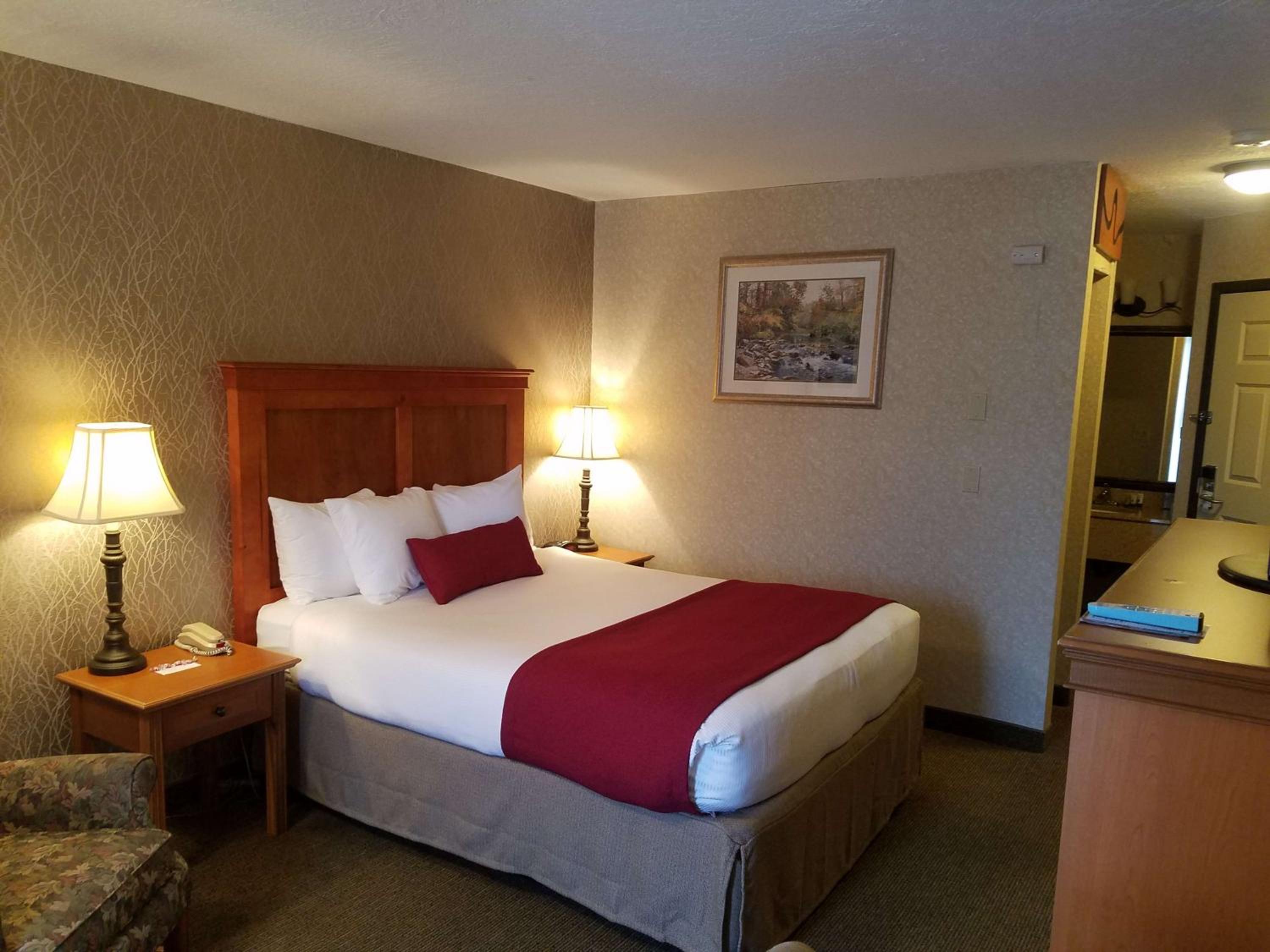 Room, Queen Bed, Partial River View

--

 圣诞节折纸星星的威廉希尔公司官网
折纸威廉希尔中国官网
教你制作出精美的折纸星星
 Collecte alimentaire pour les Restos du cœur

▸ **Exercise directions**:
Out of the data above, set down the lines from the one with "教你制作出精美的折纸星星" to the one with "Collecte alimentaire pour les Restos du cœur", both included, exactly as written and with no additions.

▸ **Output for this exercise**:
教你制作出精美的折纸星星
 Collecte alimentaire pour les Restos du cœur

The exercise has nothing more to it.